§ **What needs to be done**: Nothing but the lines from the start of the entries through the line containing "Cute Dinosaur Phone" should appear in the answer, each given exactly.

□ □ □ □ □ □ □

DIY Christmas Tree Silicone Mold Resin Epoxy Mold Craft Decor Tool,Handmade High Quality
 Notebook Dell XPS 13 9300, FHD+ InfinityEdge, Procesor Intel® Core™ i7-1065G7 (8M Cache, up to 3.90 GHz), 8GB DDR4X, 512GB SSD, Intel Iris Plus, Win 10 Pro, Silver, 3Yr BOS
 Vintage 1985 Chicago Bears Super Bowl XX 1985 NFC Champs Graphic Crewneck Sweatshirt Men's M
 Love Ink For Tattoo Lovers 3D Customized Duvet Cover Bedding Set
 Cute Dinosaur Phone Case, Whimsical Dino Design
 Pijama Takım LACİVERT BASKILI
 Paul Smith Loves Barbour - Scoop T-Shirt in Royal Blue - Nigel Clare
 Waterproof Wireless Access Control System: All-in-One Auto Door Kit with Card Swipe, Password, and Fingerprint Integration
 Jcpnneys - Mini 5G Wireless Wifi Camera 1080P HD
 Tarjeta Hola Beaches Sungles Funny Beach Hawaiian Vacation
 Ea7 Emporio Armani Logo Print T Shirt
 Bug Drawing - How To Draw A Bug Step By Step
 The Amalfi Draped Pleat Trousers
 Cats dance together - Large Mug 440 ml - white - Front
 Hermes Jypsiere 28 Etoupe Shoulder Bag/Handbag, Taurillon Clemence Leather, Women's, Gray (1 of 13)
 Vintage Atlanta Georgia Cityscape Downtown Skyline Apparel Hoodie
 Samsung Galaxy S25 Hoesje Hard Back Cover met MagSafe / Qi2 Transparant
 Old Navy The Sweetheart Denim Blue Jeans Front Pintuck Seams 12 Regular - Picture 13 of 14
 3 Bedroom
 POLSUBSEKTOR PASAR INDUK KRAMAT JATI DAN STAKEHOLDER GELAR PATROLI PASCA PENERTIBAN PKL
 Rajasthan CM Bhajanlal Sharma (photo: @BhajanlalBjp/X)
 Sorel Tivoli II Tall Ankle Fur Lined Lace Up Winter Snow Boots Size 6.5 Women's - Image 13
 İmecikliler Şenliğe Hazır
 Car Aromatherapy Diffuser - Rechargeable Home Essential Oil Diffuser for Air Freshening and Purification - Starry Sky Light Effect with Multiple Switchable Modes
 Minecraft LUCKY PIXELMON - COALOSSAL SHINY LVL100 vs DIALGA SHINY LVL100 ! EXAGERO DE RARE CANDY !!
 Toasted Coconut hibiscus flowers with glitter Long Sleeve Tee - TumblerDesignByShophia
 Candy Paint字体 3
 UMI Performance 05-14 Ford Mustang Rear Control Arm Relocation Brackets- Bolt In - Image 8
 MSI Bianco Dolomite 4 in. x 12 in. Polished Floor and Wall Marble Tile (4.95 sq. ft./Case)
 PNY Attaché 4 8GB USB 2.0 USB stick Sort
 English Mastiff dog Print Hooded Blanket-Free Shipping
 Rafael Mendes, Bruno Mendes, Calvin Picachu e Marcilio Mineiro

□ □ □ □ □ □ □

§ **Response to the exercise**:
DIY Christmas Tree Silicone Mold Resin Epoxy Mold Craft Decor Tool,Handmade High Quality
 Notebook Dell XPS 13 9300, FHD+ InfinityEdge, Procesor Intel® Core™ i7-1065G7 (8M Cache, up to 3.90 GHz), 8GB DDR4X, 512GB SSD, Intel Iris Plus, Win 10 Pro, Silver, 3Yr BOS
 Vintage 1985 Chicago Bears Super Bowl XX 1985 NFC Champs Graphic Crewneck Sweatshirt Men's M
 Love Ink For Tattoo Lovers 3D Customized Duvet Cover Bedding Set
 Cute Dinosaur Phone Case, Whimsical Dino Design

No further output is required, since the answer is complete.